Data section: Begin

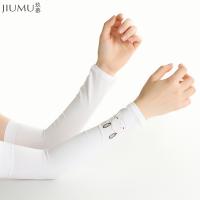 玖慕（JIUMU） 冰丝袖套 防晒系列 bx013 均码 500个/箱 (单位:个) 白色兔子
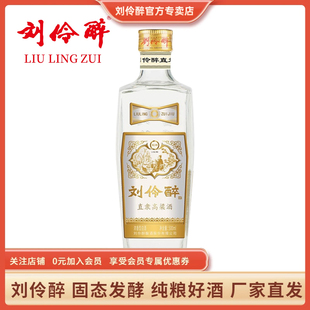 酒厂直发】刘伶醉直隶高粱6瓶52度整箱浓香型纯粮食口粮白酒送礼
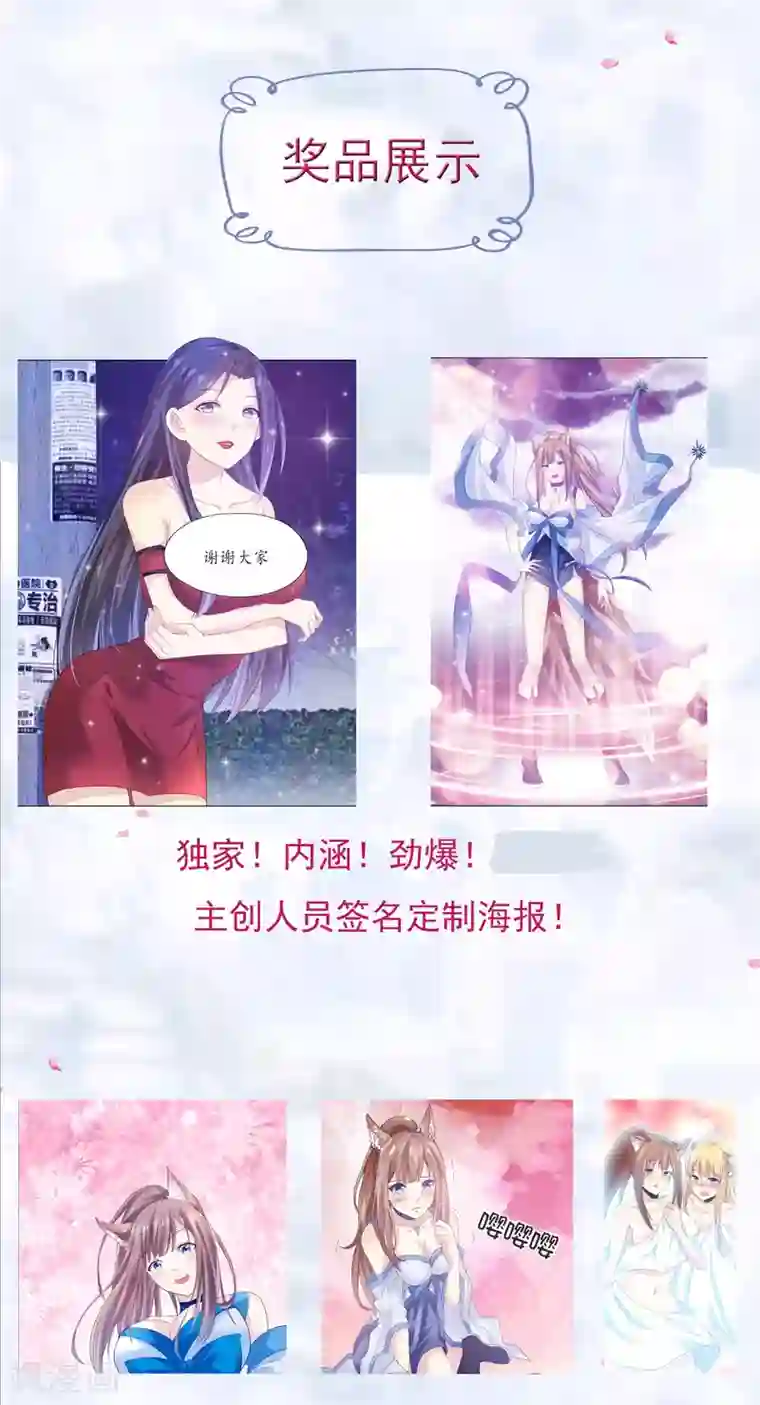 我是玉皇大帝11月26日供养活动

Data section: End

◆ Task to carry out ◆
Retype the material above exactly, images excluded.

◆ Output ◆
 玖慕（JIUMU） 冰丝袖套 防晒系列 bx013 均码 500个/箱 (单位:个) 白色兔子
 酒厂直发】刘伶醉直隶高粱6瓶52度整箱浓香型纯粮食口粮白酒送礼
 我是玉皇大帝11月26日供养活动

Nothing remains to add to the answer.